Publie le dimanche 13 janvier 2008 par Open-Publishing
2 commentaires

J’ai été particuliérement touchée par cet article,écrit par Ariane Chemin et en quelque sorte c’est un hommage que je rends à ce Monsieur que je ne connaissais pas.

Il est necessaire et urgent de réagir...
On ne peut accepter que des ETRES HUMAINS meurent seuls,sans toit,sans papiers pendant que le gouvernement gaspille l’argent, ne fait rien,ne fera rien si nous,PEUPLE DE FRANCE,
ne réagissons pas immédiatement.
Depuis le début de l’hiver,et même avant l’hiver ,un ,deux,trois,quatre dix,douze ......
COMBIEN ?
Les vrais chiffres,nous ne les saurons pas ...
COMBIEN DE PERSONNES DANS LA RUE,ABANDONNEES DE TOUS SONT DECEDEES ?

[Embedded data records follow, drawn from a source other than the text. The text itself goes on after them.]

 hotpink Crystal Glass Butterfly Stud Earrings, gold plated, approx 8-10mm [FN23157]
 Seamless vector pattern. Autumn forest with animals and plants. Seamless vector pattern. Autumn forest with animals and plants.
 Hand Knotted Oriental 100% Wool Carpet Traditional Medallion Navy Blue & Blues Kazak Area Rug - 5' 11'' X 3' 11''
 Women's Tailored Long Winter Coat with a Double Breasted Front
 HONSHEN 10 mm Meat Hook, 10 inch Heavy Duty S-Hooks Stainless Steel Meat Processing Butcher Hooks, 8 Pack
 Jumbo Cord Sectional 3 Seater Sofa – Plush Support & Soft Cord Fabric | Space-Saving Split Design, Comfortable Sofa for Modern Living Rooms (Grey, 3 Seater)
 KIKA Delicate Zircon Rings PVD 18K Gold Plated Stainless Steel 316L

Il aurait pu s’appeler " X" pour toujours – c’est comme ça qu’on enregistre les SDF inconnus à l’Institut médico-légal. Se retrouver enterré parmi tant d’autres, sous une tombe blanche sans nom, dans l’ancien "carré des indigents" du cimetière parisien de Thiais. Au mieux, il aurait été "un homme", entre " Titi", " Le Polac", "Joli Coeur de Passy", " Sans Dents " ou "Cahouette", sur les faire-part collectifs de la valeureuse association Les morts de la rue. Car l’homme décédé place de la Concorde, le 20 décembre 2007, n’avait ni papiers, ni camarades d’infortune vagabonde, ni habitudes de maraudes. Donc, pas de petit nom.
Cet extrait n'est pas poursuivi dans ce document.